*Dataset extract*:
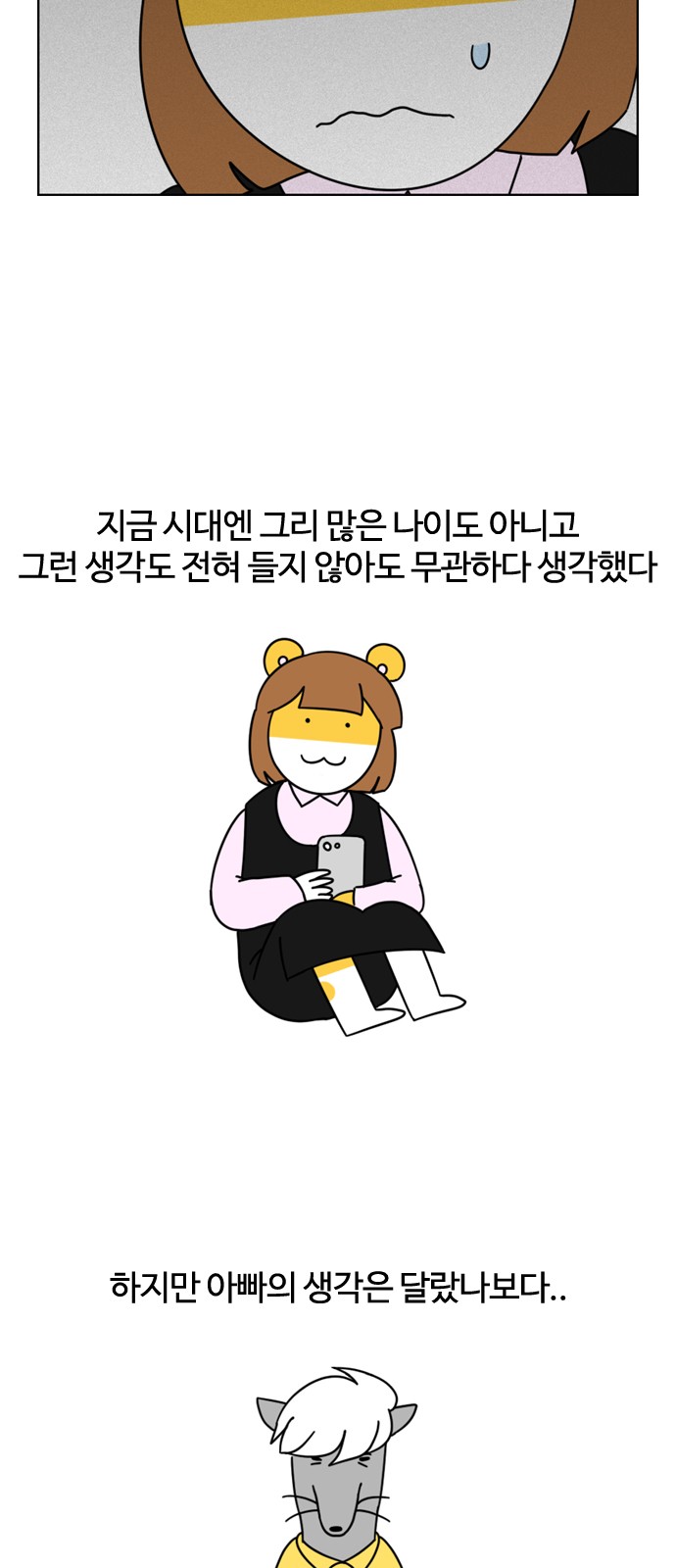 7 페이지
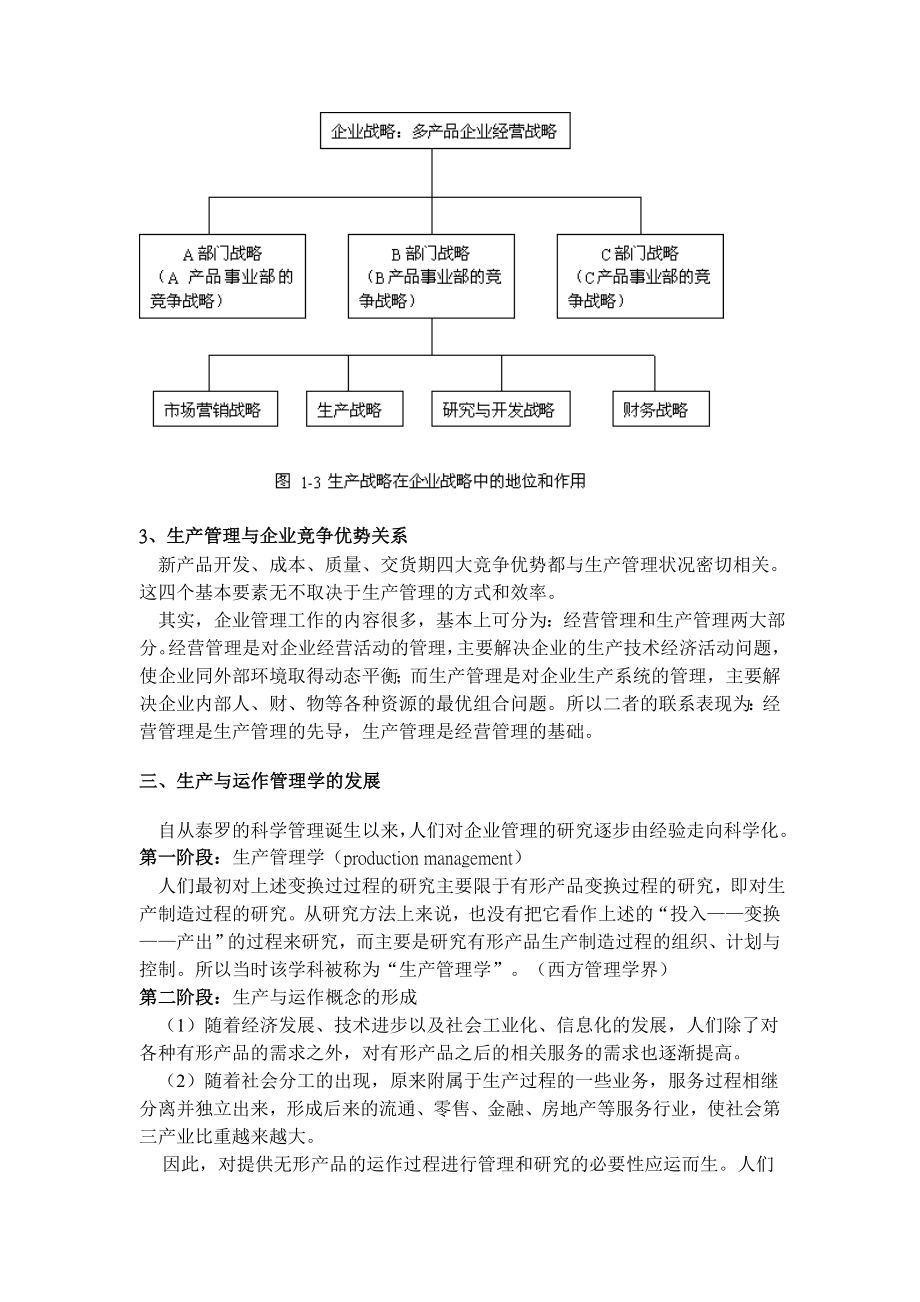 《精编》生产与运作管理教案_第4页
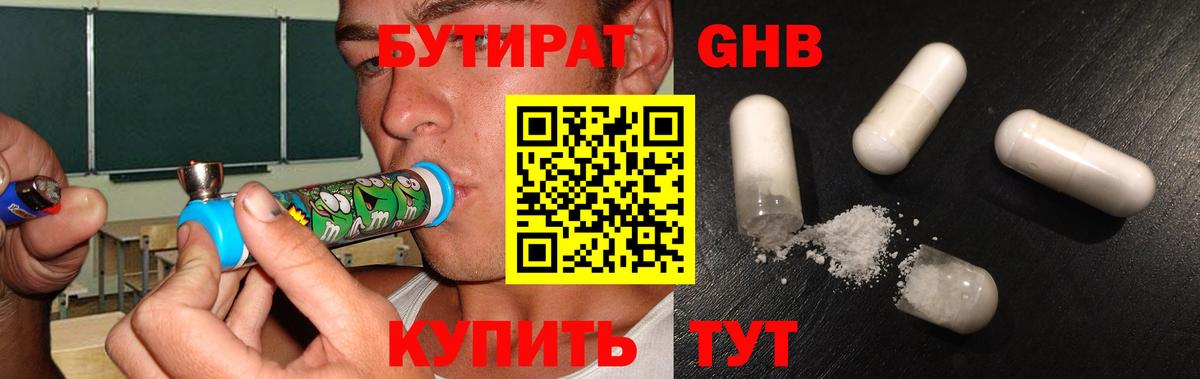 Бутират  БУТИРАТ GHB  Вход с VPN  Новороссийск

*Directions for this task*:
Transcribe all the material exactly; skip every image.

*Answer to the exercise*:
 7 페이지
 《精编》生产与运作管理教案_第4页
 Бутират  БУТИРАТ GHB  Вход с VPN  Новороссийск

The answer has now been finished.